On statistics and virtue: ANVUR’s criteria for the evaluation of research quality (VQR 2020-2024) and the European reform of research evaluation (COARA)

The European Union, recognizing that quantitative evaluation of research harms quality for the sake of quantity, urged evaluators, universities, research institutions, and scholarly societies to join together in a coalition (COARA) for the reform of evaluation itself. Even the Italian evaluation agency. ANVUR, joined the coalition and committed itself to reducing bibliometrics to a complement to qualitative evaluation (peer review), which cannot be done without reading the texts. However, ANVUR has hardly fulfilled its commitments: it continues to use bibliometrics in the five-year evaluation of research quality (Valutazione della qualità della ricerca or VQR) and in the national scientific qualification for professorships (Abilitazione scientifica nazionale or ASN). In the SSH field, a list of scientific journals drawn up by experts appointed by the Agency is and will continue to be maintained, while in the STEMMfields, bibliometric criteria calculated on proprietary databases are still used. Despite the COARA commitments, these criteria are mandatory and not complementary for the selection of candidates and potential commissioners for the ASN, as well as for the eligibility of expert evaluators in the VQR. And in cases where they are formally complementary, such as in the evaluation of works subject to the VQR, the rule can be easily circumvented under the cloak of anonymous review.
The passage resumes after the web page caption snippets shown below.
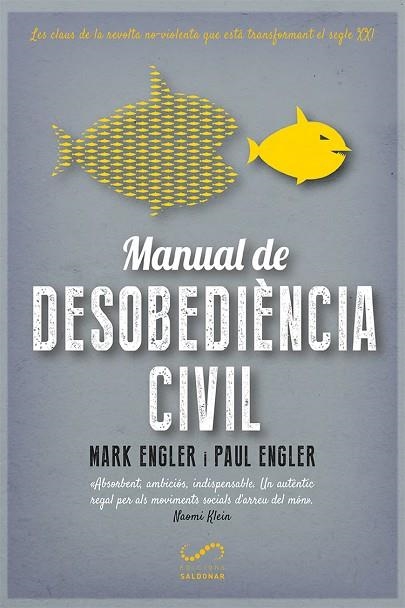 MANUAL DE DESOBEDIÈNCIA CIVIL | 9788417611170 | ENGLER, MARK; ENGLER, PAUL | Llibreria Drac - Librería de Olot | Comprar libros en catalán y castellano online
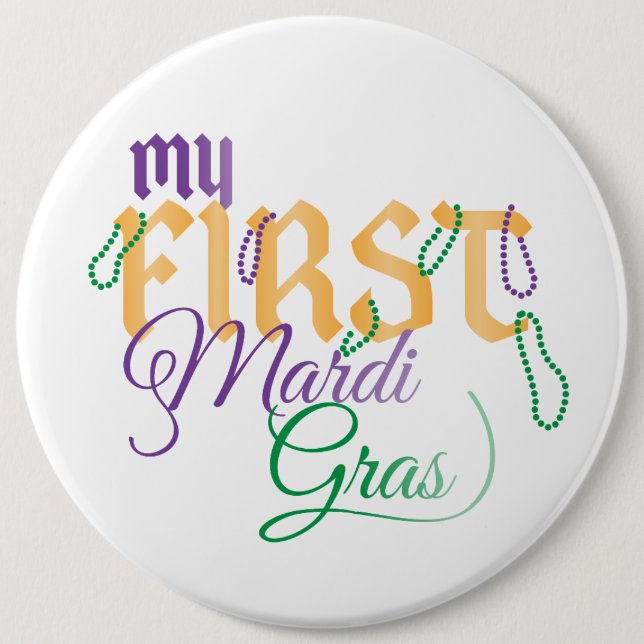 Macaron Rond 15,2 Cm Mon Pin colossal de premier mardi gras (Devant)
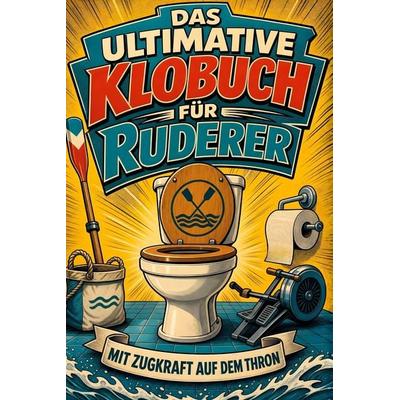 Das ultimative Klobuch für Ruderer, Taschenbuch von Noah Keller, Tiptop, 978-3-696-10493-1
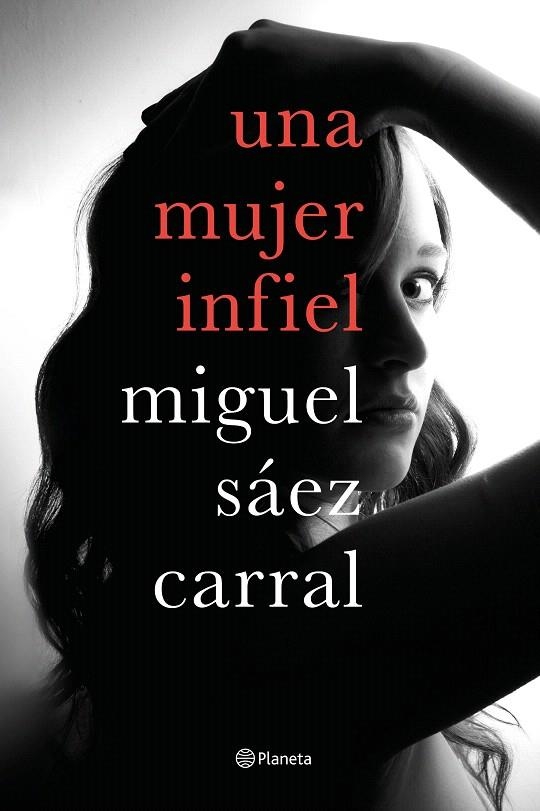 Una mujer infiel | 9788408182610 | Sáez Carral, Miguel | Librería Castillón - Comprar libros online Aragón, Barbastro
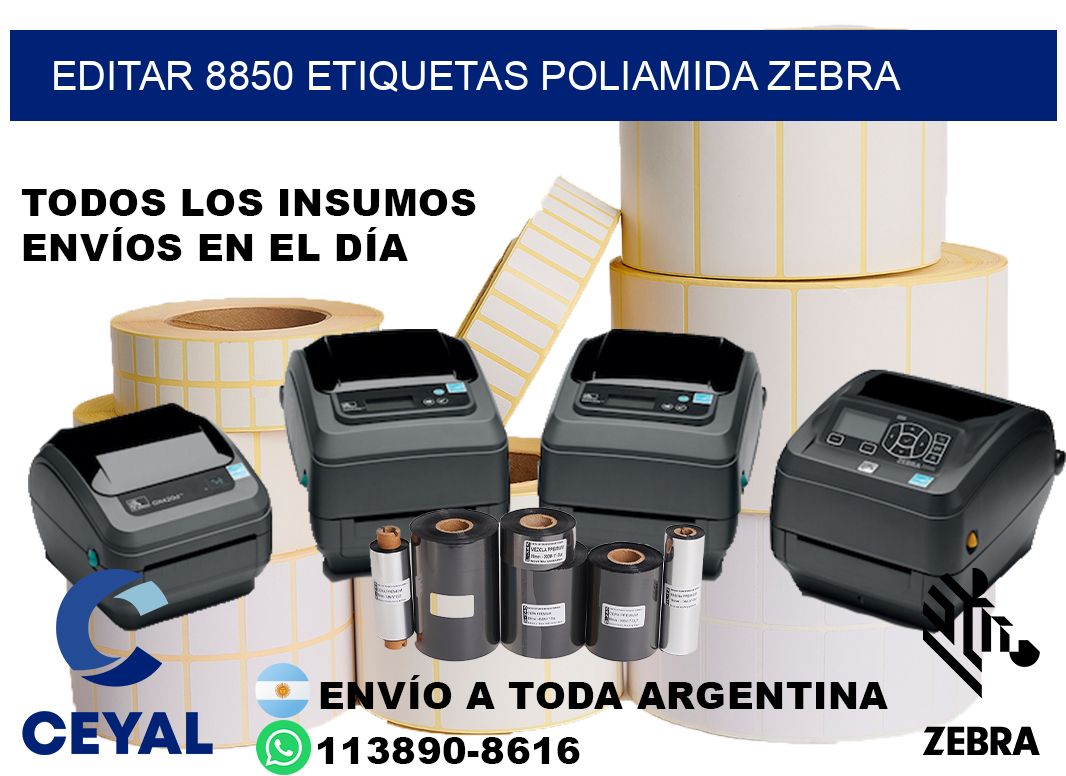 EDITAR 8850 ETIQUETAS POLIAMIDA ZEBRA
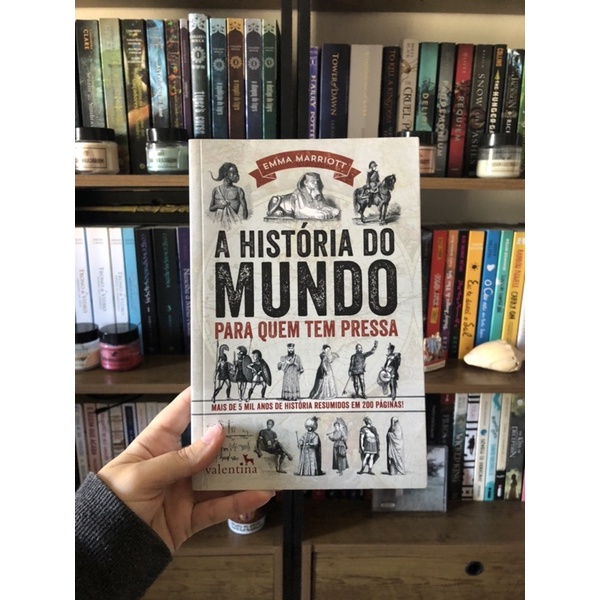 Livro - A Historia Do Mundo Para Quem Tem Pressa (emma Marriott ...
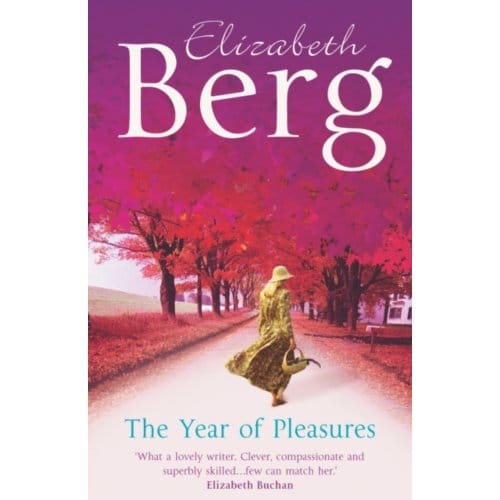 The Year Of Pleasures - Berg, Elizabeth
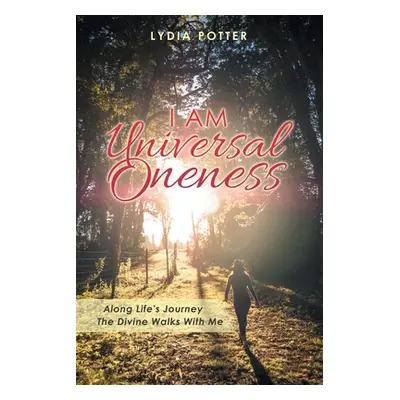 "I Am Universal Oneness: Along Life's Journey the Divine Walks with Me" - "" ("Potter Lydia")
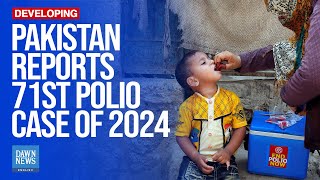 Fresh Polio Case From Jacobabad Takes Pakistan’s 2024 Tally To 71 | Dawn News English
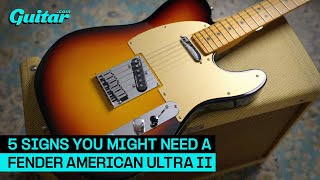 5 Signs You Might Need A Fender American Ultra II  Guitarcom [upl. by Lune]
Why did ANVUR not honor its signature? One possible explanation is that it is not an autonomous entity, and COARA may have made a mistake in including it in its coalition instead of the Italian Ministry of University and Research. However, the literature produced by scholars who are practically and theoretically close to Italian state evaluation suggests at least one other hypothesis: peer review involves reading of texts, a process that is not scalable. Moreover, that personal idiosyncrasies influence both the selection of evaluators and the evaluations themselves. This may explain why a state and mass evaluation agency such as the Italian one is inclined to cling to bibliometrics As a mass evaluation agency, it needs bibliometrics as a weapon of mass evaluation to maintain its pervasive power. And as a state evaluation agency, it can more easily hide its authoritarian nature behind a veil of statistics.
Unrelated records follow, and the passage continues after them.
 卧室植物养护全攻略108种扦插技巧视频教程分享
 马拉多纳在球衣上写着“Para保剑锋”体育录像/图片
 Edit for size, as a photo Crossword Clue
1. Bibliometrics in the VQR 2020-2024

State evaluation of research, especially when it is as hierarchical and pervasive as in Italy, is an act of mistrust in the freedom of public use of reason. This approach undermines the legitimacy of both state universities and research institutions, which are portrayed as so flawed that they need to be evaluated by a source outside the scientific community. Furthermore, it undermines the legitimacy of the government which enforces it as an administrative measure, without being a scientific authority.
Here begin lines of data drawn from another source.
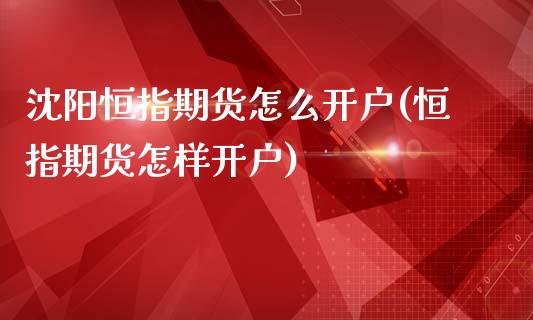 沈阳恒指期货怎么开户(恒指期货怎样开户)_https://www.yunyouns.com_期货行情_第1张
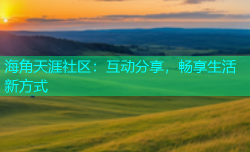 海角天涯社区：互动分享，畅享生活新方式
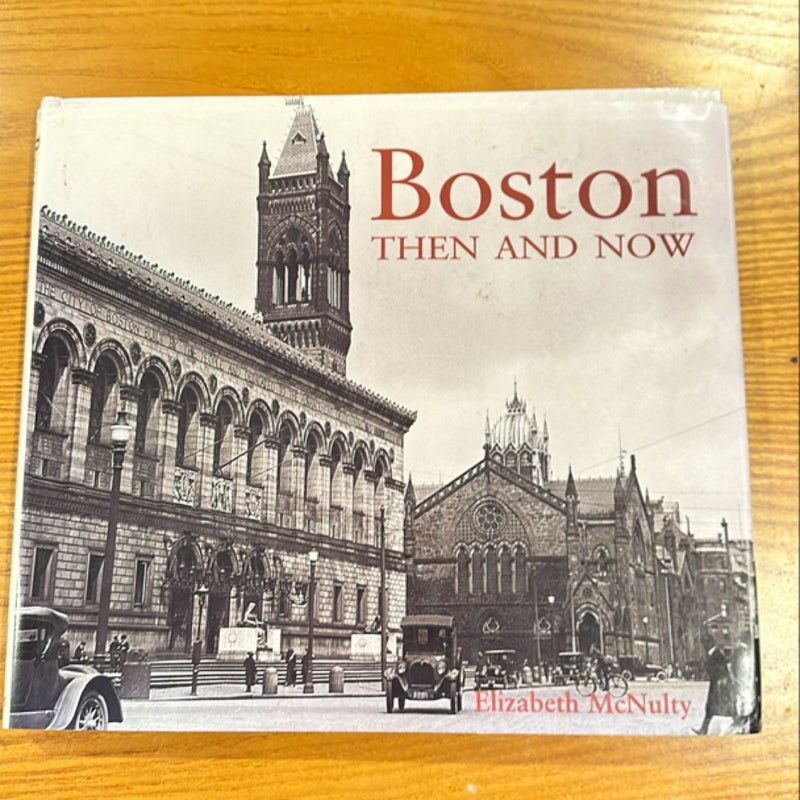 Boston Then and Now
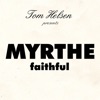 Faithful (Tom Helsen presents Myrthe) - Single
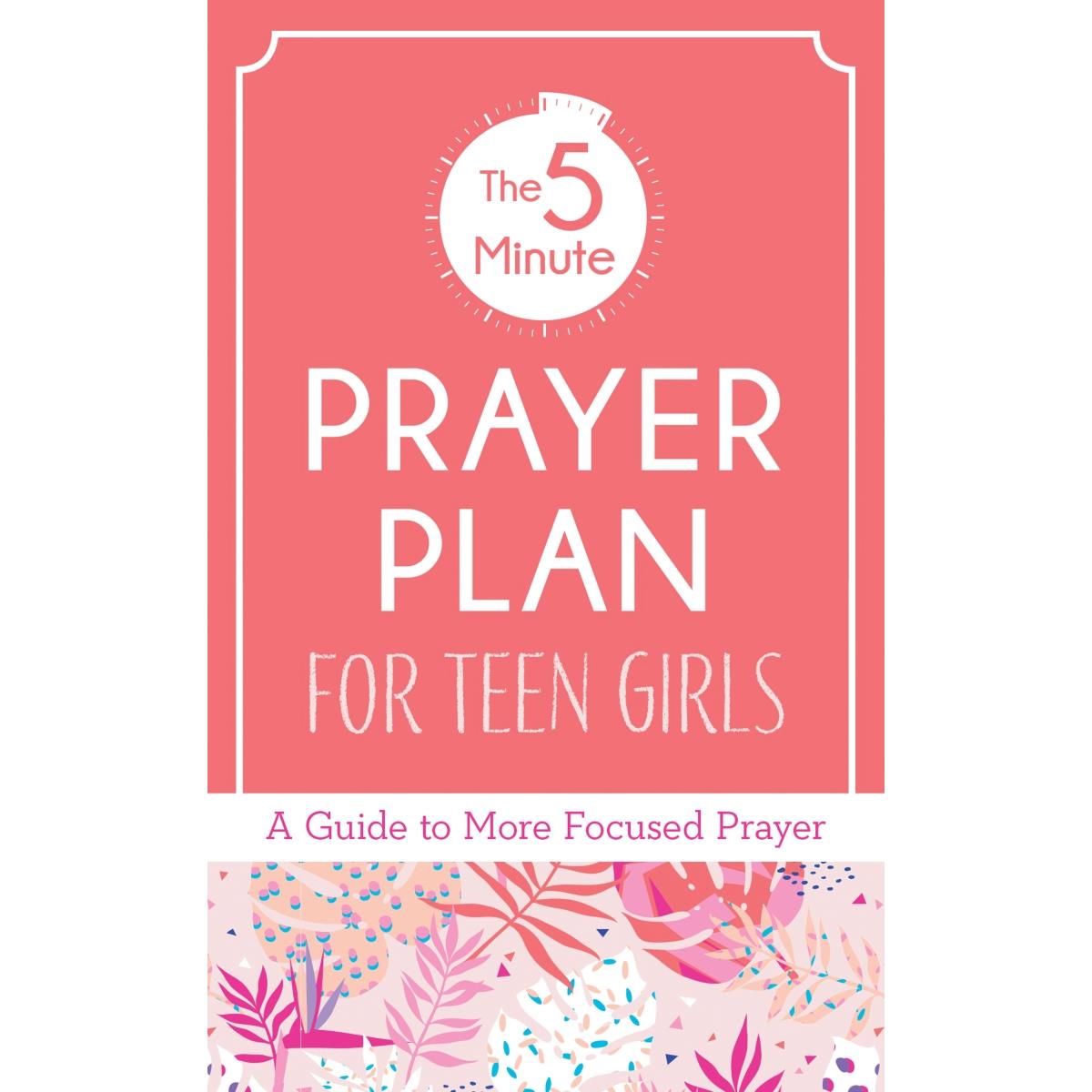 Barbour Publishing 166586 The 5-minute Prayer Plan For Teen Girls - Dec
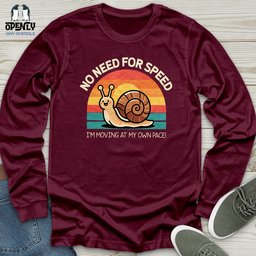 No Need For Speed Unisex Long Sleeve Tee Gift For Animal Lover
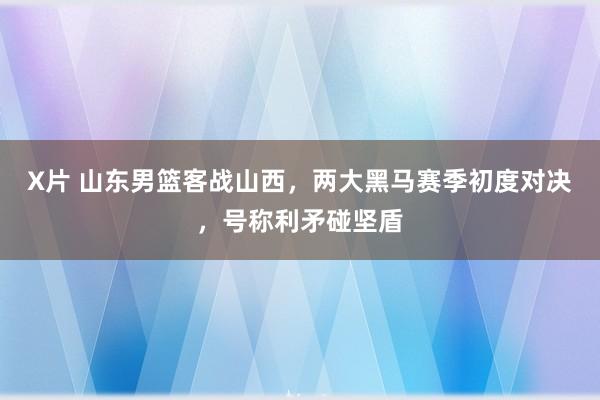 X片 山东男篮客战山西，两大黑马赛季初度对决，号称利矛碰坚盾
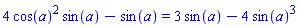 4*cos(a)^2*sin(a)-sin(a) = 3*sin(a)-4*sin(a)^3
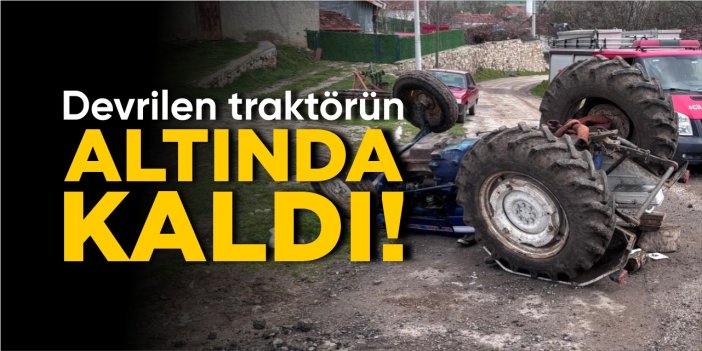Bilecik’te traktör devrildi: Sürücüsü altında kaldı!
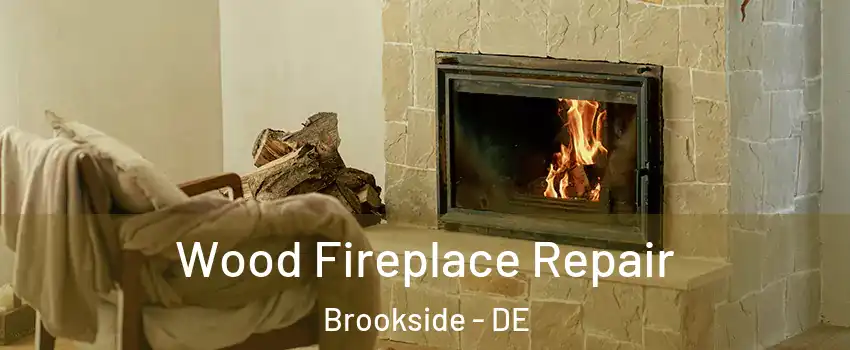  Wood Fireplace Repair Brookside - DE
Because state evaluation relies on coercion rather than on science, it is not surprising that many state evaluation agencies employ bibliometric criteria in their assessments. These agencies rely on the quantity of publications, the journals in which they are published, and the number of citations, rather than the quality of scholarship, which is incomprehensible to administrators. Even the European Union has recently acknowledged that the quantitative approach to evaluation results in quantity rather than scientific quality: governments always get what they want, often to discover that those outcomes were not, in fact, what they wanted. For this reason, the EU sponsored a coalition, COARA, with the objective of transitioning the evaluation process to a more qualitative approach, primarily based on peer review. The main commitments of those who join are as follows:

recognize the diversity of researchers’ contributions and careers;
base research evaluation primarily on qualitative evaluations focused on peer review, supported by responsible use of quantitative indicators;
abandon the inappropriate use in research evaluation of journal- and publication-based metrics such as JIF and H-index
avoid the use of rankings of research organizations in research evaluation.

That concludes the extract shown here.